Не знаю, надолго ли он здесь останется, а знаю только то, что пребывание его здесь бесплодно. Дело в том, что он все мои советы об отъезде слушает, по упрямству, с негодованием. Ему здесь, конечно, скучно, и он не наживет здесь долго; да такая причина, что заупрямился и с братьями не едет.
Ты знаешь, матушка, честность сердца моего и сколько душа моя к тебе привязана. Я его люблю сердечно и по тебе и по нем самом. Пусть бог меня накажет, ежели вас разделяю от себя самого. Он сам это знает и внутренно уварен, что я ему советую ехать беспристрастно. Он мне никакой и ни в чем тягости не делает своим здесь житьем.
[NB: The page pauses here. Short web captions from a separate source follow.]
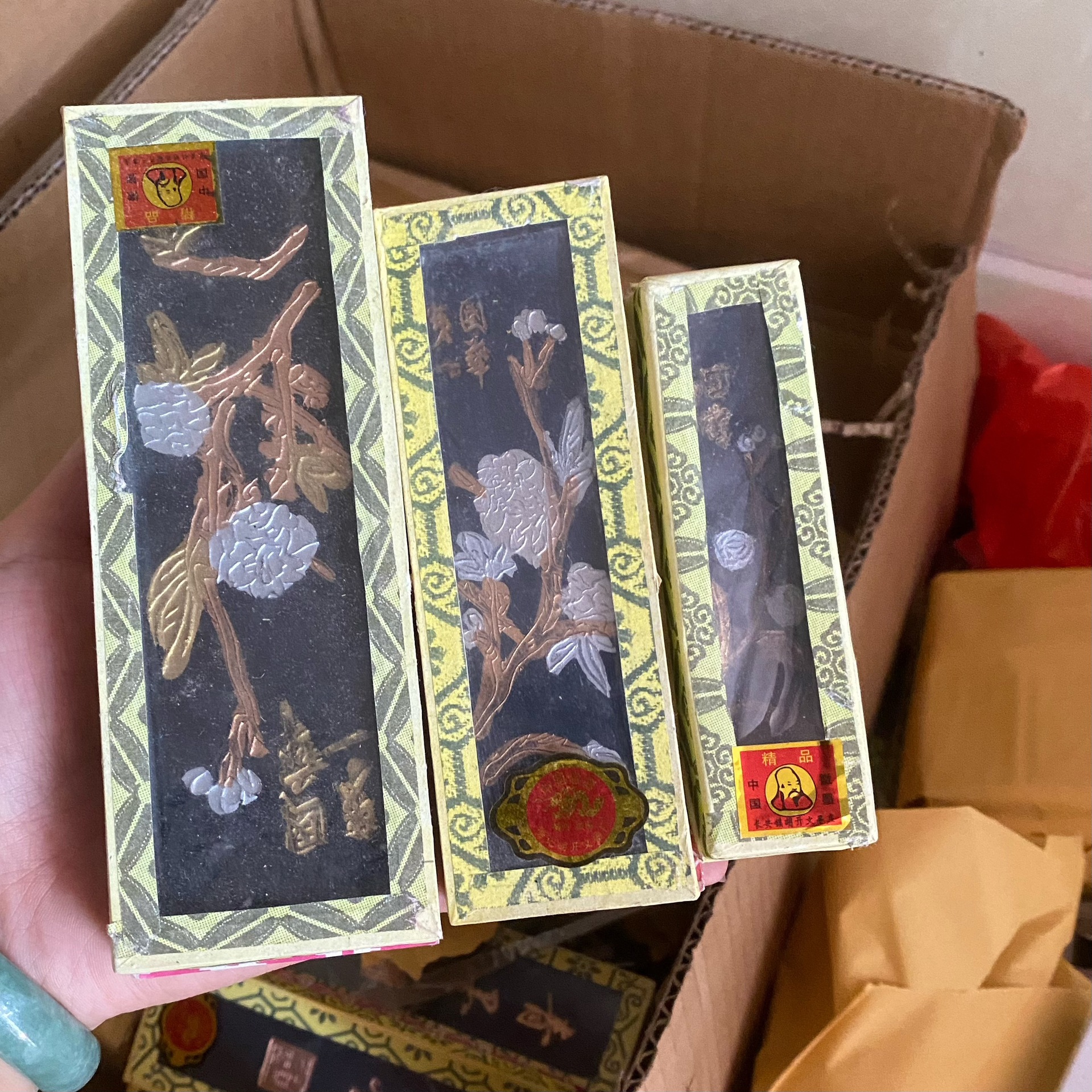 胡开文1两2两4两带盒铁斋 青墨墨条墨锭墨块学生松烟毛笔研墨批发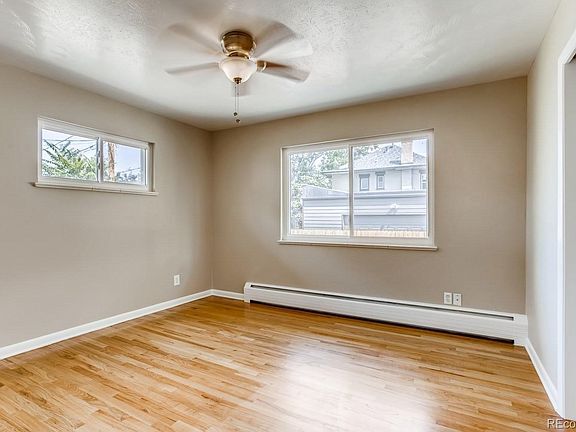 Building Photo - 4300 Umatilla St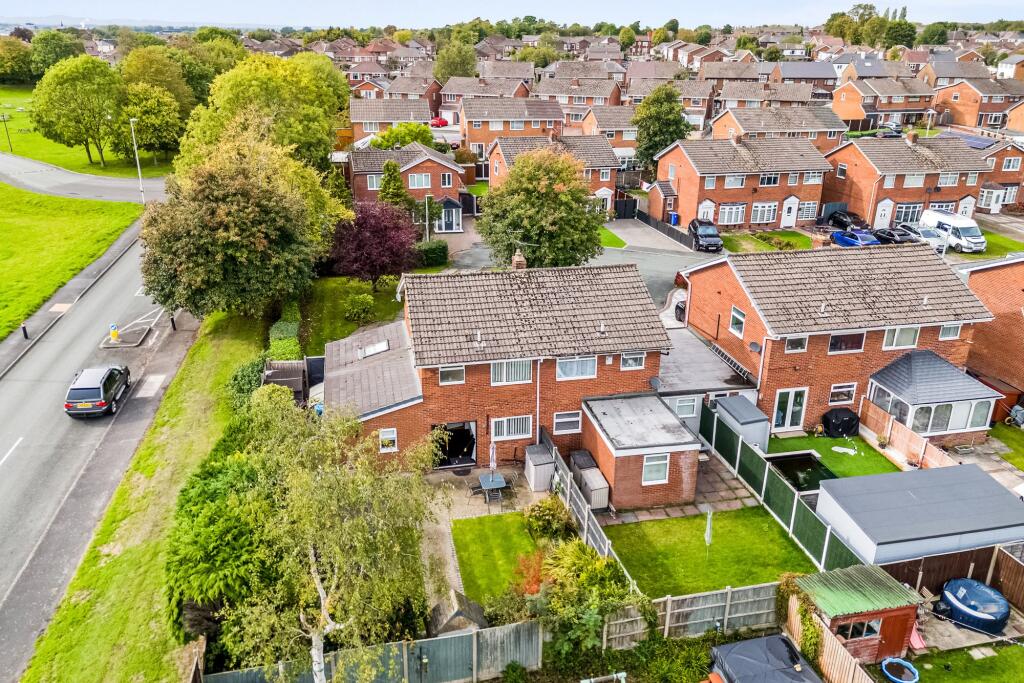 Egdon Close, Widnes, WA8 photo 2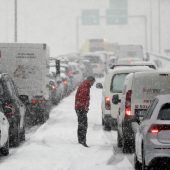Schneechaos in Griechenland – Athener Flughafen streicht Flüge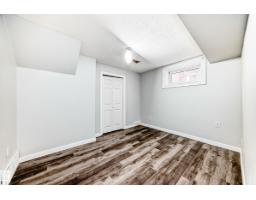 8615 42a Av Nw, Edmonton, AB T6K1E6 Photo 36
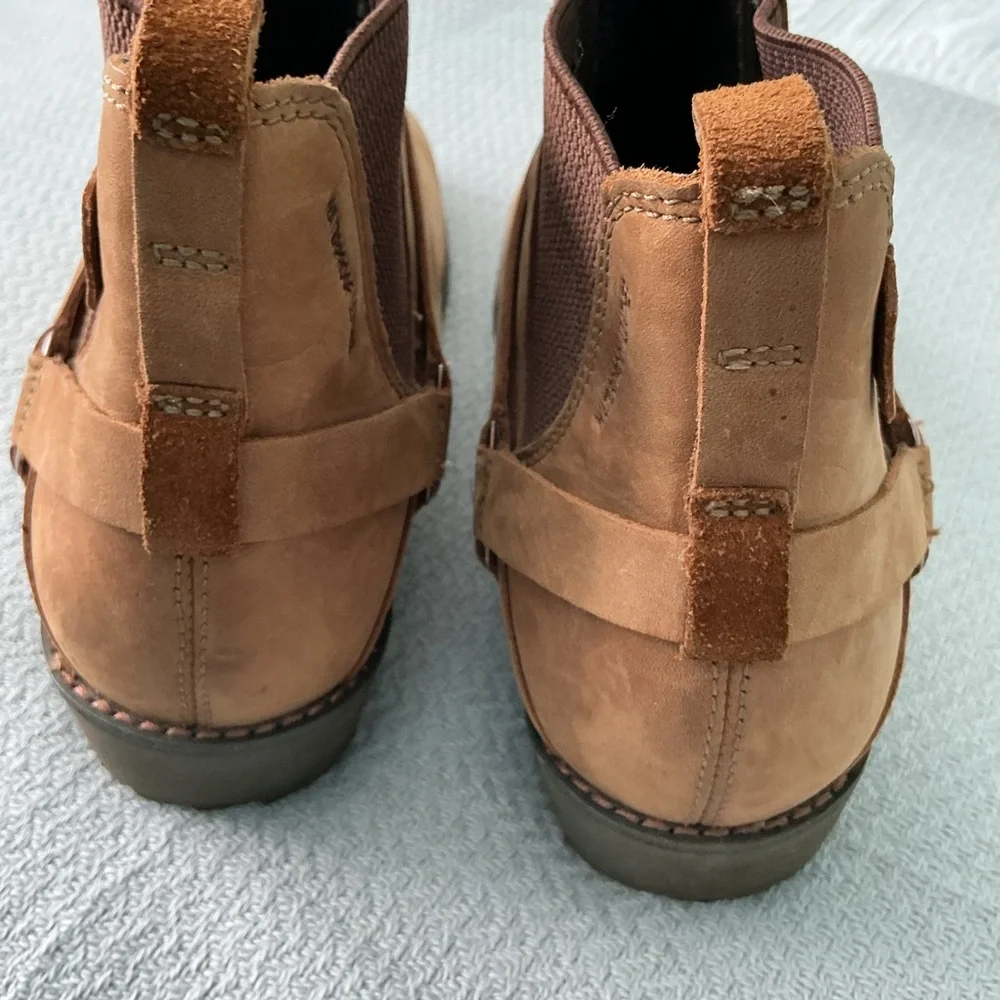 Teva Woman’s Tan Casual Boots - Picture 6 of 7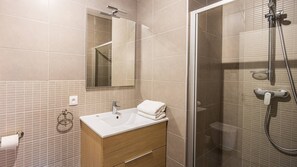 Baignoire, sèche-cheveux, serviettes fournies, papier toilette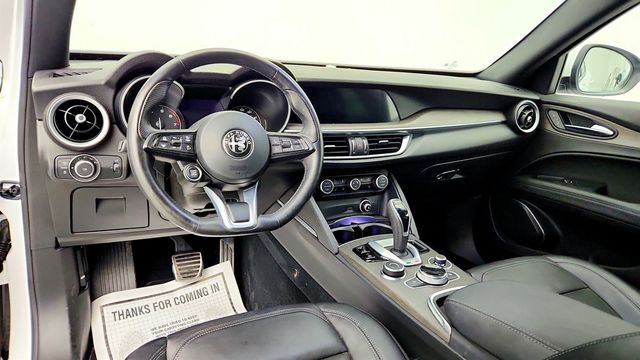 2022 Alfa Romeo Stelvio Ti AWD w/ Active Assist Plus Pkg & Vesuvio-Gray Appearance Kit - 23029958 - 12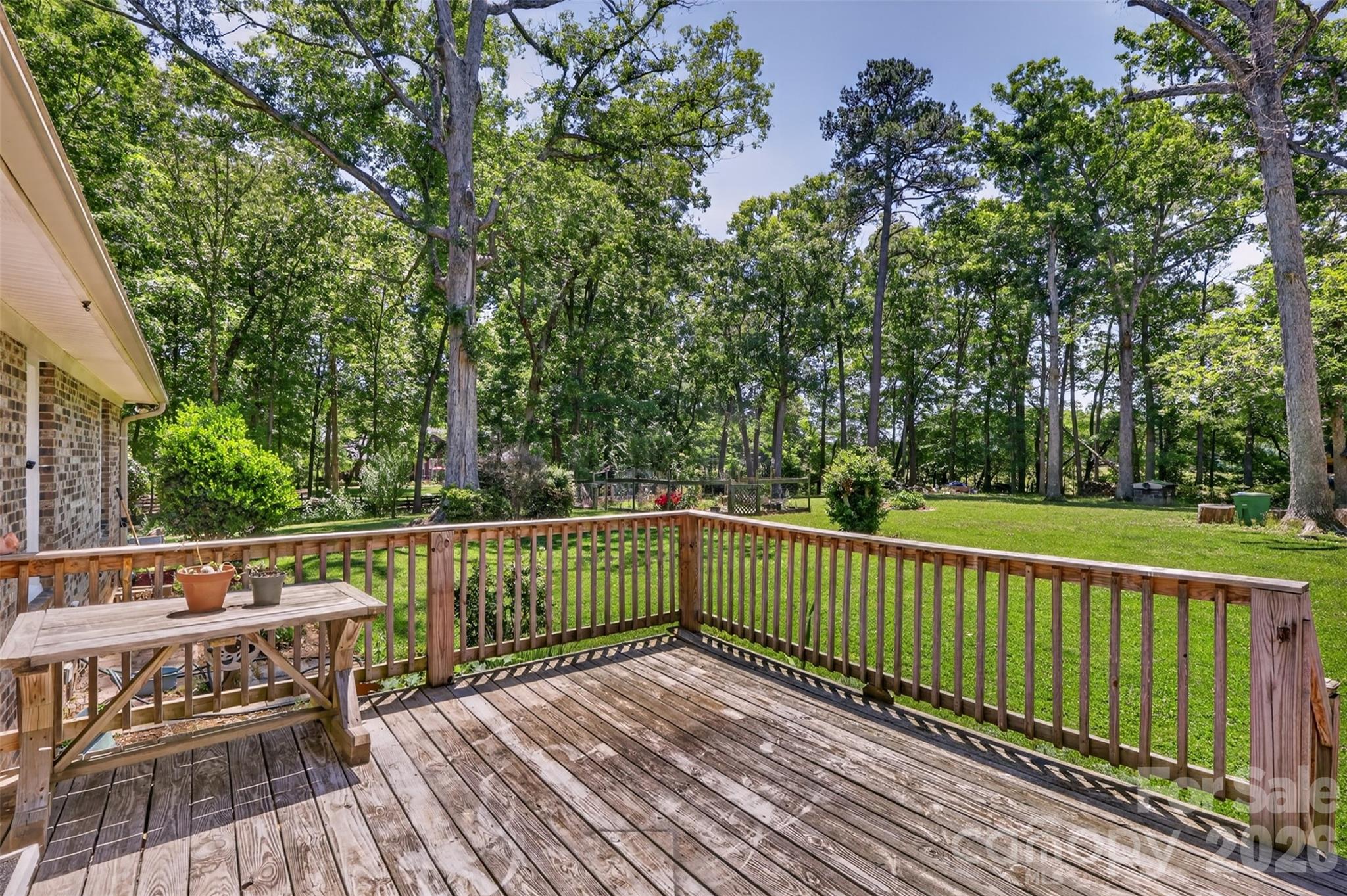 9807 Black Road — Midland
Я ему рад душою, да жалею о том, что он живот здесь по-пустому уже пять недель; как бы я не наступил ему на горло, так бы он не сходил и к Васильчикову, да и сверх его нерадения, по чести скажу тебе, что не то время теперь, чтоб искать кому-нибудь места.
Вот все, что я о нем сказать могу. Пиши ты к нему, матушка, чтоб он перестал упрямиться и здесь по-пустому время не тратил, а по мне — я рад ему душевно. Пусть здесь живет, авось-либо ему и удастся.
Теперь скажу тебе о наших чудесах. Мы очень в плачевном состоянии. Все интриги и все струны настроены, чтоб графа отдалить от великого князя, даже до того, что, под претекстом перестроивать покои во дворце, ведено ему опорожнить те, где он жил. Я, грешный, получил повеление перебраться в канцлерский дом, а дела все отвезть в коллегию. Бог знает, где граф будет жить и на какой ноге. Только все плохо, а последняя драка будет в сентябре, то есть брак его высочества, где мы судьбу нашу совершенно узнаем.
Князь Орлов с Чернышевым злодействуют ужасно гр-у Н. И., который мне открыл свое намерение, то есть, буде его отлучат от великого князя, то он ту ж минуту пойдет в отставку. В таком случае, бог знает, что мне делать, или, лучше сказать, я на бога положился во всей моей жизни, а наблюдаю того только, чтоб жить и умереть честным человеком.
Злодей Сальдерн перекинулся к Орловым, но и те подлость души его узнали, так что он дня через два отправляется в Голстинию.
Великий князь смертно влюблен в свою невесту, и она в него. Тужит он очень, видя худое положение своего воспитателя и слыша, что его отдаляют и дают на его место: иные говорят Елагина, иные Черкасова, иные гр. Федора Орлова.